Faz sentido dentro do mundo proposto porque levou 6 mil anos até surgir Estevão Universo e poder peitar as Diamonds, e porque TINHA que ser o Estevão Universo e não qualquer cascalhozinho que sofreu por milênios no sistema fodido de Homeworld. Feitos extraordinários exigem explicações extraordinárias, afinal.
Isso é algo tão importante, algo tão vital, que mesmo obras RUINS se importam com isso e tentam responder essa pergunta. A nova trilogia da Disney, por exemplo, tentou responder porque a Rey é tão incrível, espetacular, maravilhosa e o xixi dela cura enfisema pulmonar: porque a Força escolheu ela. A Força foi full "whatever, i do what i want", que é o que você deveria esperar de um entidade transcendetal misteriosa.

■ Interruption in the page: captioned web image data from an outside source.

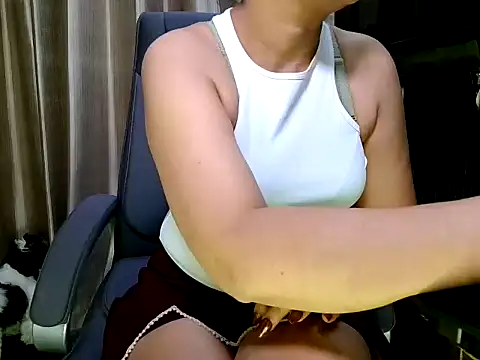 Snapshot of fabdemira chatting on October 4, 7:56 pm fabdemira online show from October 4, 7:56 pm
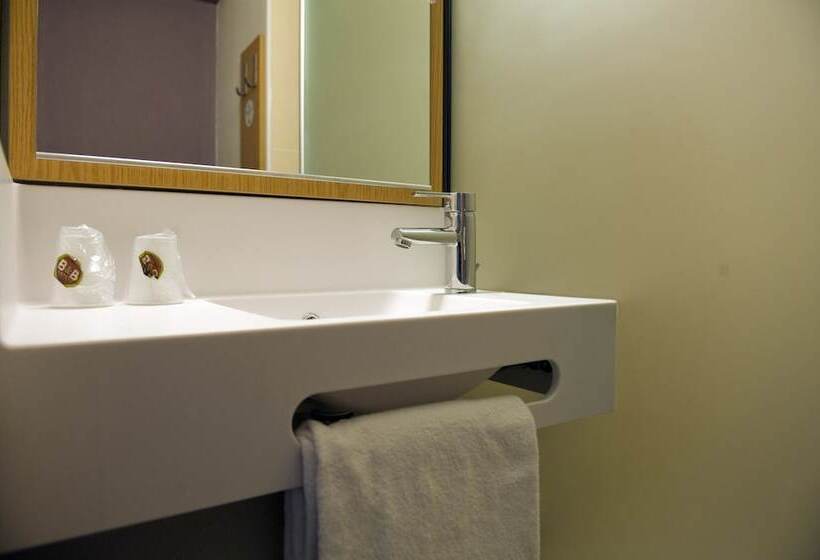 Номер Стандарт, B&b Hotel Aix En Provence Le Tholonet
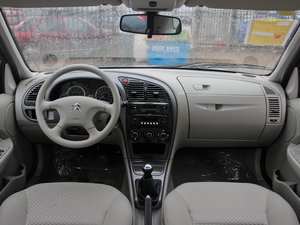 2013款1.6L 手动科技型天窗版 内饰全景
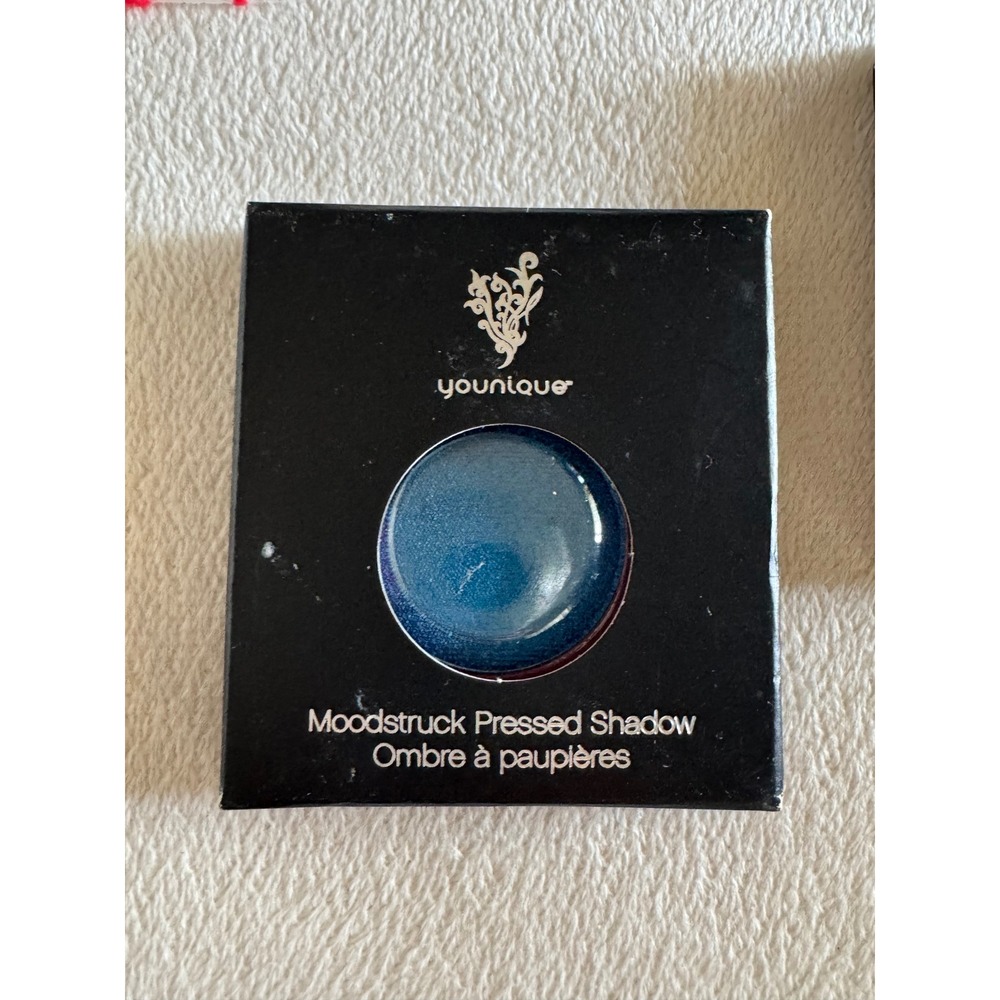 Younique Moodstruck Pressed Shadow Thankful Blue Shimmer Eye Makeup 1.8g New Box
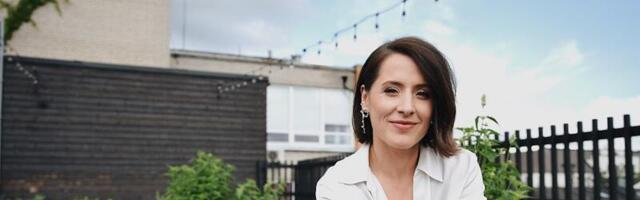 Muusik ja kogemuskoolitaja Sandra Sillamaa: „Lastel peab olema ka igav, siis nad hakkavad loovalt mõtlema.“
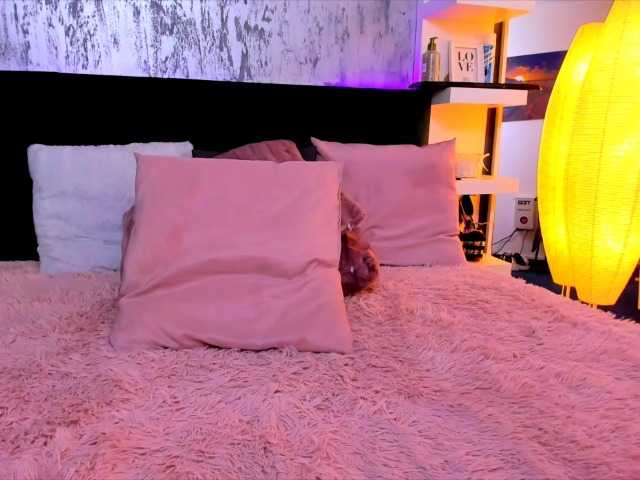 Live sex webcam photo for MiaVegasx #272952807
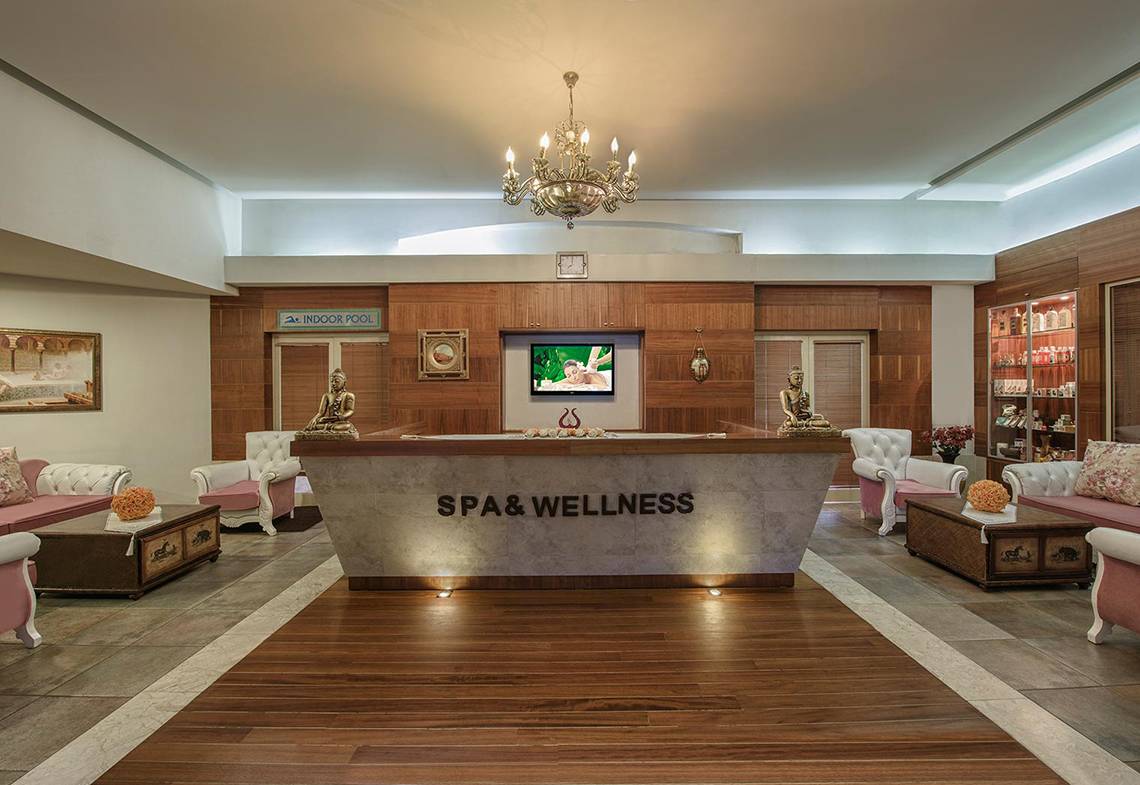 Spa- und Wellnessbereich des Megasaray Club Belek Hotels mit Rezeptionstresen und Buddha-Statuen.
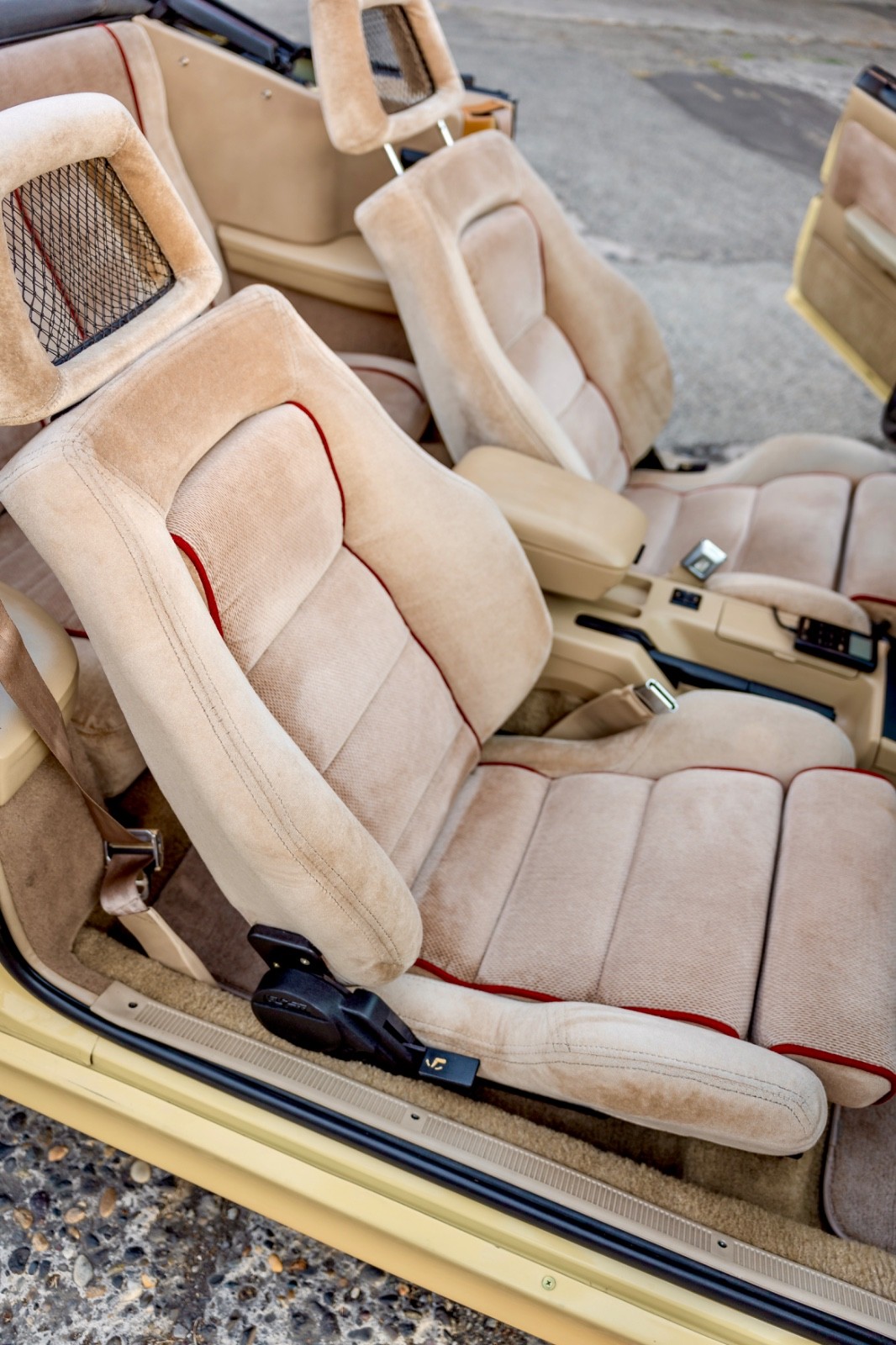Ford-Mustang-1989-Convertible-22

Ok, essa é uma explicação que funciona dentro do universo proposto... que depois foi alterada para uma tão retardada que eu não citarei aqui, mas ainda sim tenta ser uma explicação.
E quando uma obra falha em fazer isso, a suspensão da descrença vai ladeira abaixo junto. Por exemplo, em D&D você precisa matar 30 ratos (300 XP) para subir do nível 1 para o nível 2. Não ao mesmo tempo, você ganha 10 XP por rato. Pergunta: em D&D, porque TODO E QUALQUER campones já não matou os seus 30 ratos ao longo da vida e tem um nível de classe? Não, sério, se as regras do mundo são essas, então porque qualquer um não faz isso?
Saber responder isso é o que diferencia um mestre bom de um ruim. Ou então, porque qualquer um dos 88 cavaleiros de Athena não consegue matar deuses como Seiya e seus amigos fazem? Porque a unica explicação que o Kurumada dá é que eles conseguem porque eles querem muito, muito, muito isso. Uau, que pedaço de bosta flamejante, não? Quer dizer que ninguém mais NO MUNDO INTEIRO quer muito muito muito muito mesmo? Ah vapaputaqueopariu, seu Kurumada, na moral. Vai ser ruim assim lá no colo do JJ Abrams, que desgraça...
E porque eu estou falando tudo isso? Bem, porque eu não teria outra chance de falar em primeiro lugar, mas principalmente porque Made Into Abyss coloca diante de si uma tarefa muito dificil que é justamente não foder todo o worldbuilding tendo como protagonistas crianças.
Mas suponho que para entender minha afirmação, é necessário um pouco de contexto aqui.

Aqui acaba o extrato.